◆ Data:
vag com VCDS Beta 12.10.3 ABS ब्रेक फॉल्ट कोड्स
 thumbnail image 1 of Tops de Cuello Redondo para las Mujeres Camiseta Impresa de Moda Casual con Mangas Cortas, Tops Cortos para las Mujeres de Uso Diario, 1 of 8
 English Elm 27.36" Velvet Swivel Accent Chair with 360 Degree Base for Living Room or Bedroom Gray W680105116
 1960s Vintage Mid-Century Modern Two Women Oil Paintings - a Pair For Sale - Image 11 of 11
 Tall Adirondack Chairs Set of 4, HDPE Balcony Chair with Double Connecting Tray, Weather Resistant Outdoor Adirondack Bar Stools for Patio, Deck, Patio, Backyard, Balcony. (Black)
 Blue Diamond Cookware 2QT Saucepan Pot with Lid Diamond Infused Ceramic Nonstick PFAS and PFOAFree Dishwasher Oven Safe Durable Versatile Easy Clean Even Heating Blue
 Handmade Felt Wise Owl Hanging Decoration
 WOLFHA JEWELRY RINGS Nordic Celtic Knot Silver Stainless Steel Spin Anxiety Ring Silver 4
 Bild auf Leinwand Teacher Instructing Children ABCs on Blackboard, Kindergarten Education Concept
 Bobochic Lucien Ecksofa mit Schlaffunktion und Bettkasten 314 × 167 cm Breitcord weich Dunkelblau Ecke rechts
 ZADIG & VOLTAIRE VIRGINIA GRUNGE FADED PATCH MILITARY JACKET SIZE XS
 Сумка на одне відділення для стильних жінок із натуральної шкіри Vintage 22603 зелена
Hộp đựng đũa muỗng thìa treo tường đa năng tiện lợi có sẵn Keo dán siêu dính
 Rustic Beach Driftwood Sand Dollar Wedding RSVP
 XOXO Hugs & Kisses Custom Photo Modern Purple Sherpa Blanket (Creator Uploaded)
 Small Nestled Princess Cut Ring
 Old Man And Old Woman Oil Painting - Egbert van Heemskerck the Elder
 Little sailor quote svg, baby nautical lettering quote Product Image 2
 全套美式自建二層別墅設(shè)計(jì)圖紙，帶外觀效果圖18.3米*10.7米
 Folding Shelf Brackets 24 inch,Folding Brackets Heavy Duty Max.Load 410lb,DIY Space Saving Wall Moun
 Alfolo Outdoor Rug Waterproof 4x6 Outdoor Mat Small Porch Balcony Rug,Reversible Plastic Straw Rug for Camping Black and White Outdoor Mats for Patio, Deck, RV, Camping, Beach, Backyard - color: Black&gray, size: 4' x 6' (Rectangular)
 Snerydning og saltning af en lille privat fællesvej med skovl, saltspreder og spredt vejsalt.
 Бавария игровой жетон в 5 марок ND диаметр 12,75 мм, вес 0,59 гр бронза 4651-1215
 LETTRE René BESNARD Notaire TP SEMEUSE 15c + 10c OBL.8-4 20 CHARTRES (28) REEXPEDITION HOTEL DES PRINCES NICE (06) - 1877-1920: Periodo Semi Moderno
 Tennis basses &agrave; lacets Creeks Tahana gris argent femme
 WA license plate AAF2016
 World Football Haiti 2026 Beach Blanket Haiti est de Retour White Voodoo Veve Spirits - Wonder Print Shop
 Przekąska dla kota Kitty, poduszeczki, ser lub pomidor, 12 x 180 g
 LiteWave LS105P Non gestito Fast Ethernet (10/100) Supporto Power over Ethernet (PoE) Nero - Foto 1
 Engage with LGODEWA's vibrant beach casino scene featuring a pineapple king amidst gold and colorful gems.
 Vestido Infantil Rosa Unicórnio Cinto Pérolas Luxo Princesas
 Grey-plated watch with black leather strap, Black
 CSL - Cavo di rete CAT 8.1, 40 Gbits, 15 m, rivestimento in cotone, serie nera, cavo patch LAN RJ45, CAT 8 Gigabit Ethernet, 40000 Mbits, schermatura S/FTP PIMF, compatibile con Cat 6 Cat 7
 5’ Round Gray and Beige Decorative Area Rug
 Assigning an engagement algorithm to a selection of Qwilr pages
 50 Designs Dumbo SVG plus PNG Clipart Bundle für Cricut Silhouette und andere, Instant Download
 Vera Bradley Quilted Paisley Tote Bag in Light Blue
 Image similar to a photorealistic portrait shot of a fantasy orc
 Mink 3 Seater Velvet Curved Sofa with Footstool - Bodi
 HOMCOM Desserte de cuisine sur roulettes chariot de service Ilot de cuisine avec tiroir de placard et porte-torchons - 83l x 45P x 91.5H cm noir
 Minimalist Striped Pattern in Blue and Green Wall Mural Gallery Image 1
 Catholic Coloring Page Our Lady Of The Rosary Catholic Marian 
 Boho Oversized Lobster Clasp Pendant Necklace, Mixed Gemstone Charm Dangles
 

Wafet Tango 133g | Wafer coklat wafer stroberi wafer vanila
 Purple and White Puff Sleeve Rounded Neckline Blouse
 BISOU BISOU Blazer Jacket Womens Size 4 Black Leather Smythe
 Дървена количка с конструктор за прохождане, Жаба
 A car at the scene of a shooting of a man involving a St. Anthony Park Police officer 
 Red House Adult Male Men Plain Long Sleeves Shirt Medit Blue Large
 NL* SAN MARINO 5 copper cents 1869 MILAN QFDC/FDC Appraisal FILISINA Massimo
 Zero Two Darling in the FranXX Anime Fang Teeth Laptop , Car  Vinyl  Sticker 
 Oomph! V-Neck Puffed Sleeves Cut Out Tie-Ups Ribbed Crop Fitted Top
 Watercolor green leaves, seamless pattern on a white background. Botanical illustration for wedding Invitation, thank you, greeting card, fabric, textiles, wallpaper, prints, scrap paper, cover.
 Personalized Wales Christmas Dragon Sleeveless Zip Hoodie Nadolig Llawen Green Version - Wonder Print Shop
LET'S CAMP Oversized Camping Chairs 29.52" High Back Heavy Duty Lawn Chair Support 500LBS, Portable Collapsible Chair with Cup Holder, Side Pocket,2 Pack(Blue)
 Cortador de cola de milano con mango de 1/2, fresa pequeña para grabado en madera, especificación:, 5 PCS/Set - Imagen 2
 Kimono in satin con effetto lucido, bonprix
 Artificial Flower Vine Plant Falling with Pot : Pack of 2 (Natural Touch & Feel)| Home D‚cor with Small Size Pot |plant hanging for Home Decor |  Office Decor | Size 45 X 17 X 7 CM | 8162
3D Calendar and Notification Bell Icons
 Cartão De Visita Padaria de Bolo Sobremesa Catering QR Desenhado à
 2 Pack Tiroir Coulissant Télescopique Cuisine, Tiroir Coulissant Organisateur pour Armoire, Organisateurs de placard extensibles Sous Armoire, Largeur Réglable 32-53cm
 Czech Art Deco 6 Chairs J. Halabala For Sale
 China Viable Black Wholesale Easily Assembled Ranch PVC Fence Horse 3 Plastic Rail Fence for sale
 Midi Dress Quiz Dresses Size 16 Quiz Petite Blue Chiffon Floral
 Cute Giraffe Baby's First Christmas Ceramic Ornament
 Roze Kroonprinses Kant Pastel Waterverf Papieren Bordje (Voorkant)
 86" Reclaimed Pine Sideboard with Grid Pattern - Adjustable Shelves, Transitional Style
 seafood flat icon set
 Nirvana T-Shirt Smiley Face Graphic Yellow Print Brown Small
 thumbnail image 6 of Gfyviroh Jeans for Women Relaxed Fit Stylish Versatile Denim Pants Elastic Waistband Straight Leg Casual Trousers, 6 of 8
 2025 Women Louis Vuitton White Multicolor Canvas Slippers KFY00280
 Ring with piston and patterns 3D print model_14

◆ What is being asked: Exact lines only, please: output the listing from the first line to the line with "thumbnail image 1", both included.

◆ Response:
vag com VCDS Beta 12.10.3 ABS ब्रेक फॉल्ट कोड्स
 thumbnail image 1 of Tops de Cuello Redondo para las Mujeres Camiseta Impresa de Moda Casual con Mangas Cortas, Tops Cortos para las Mujeres de Uso Diario, 1 of 8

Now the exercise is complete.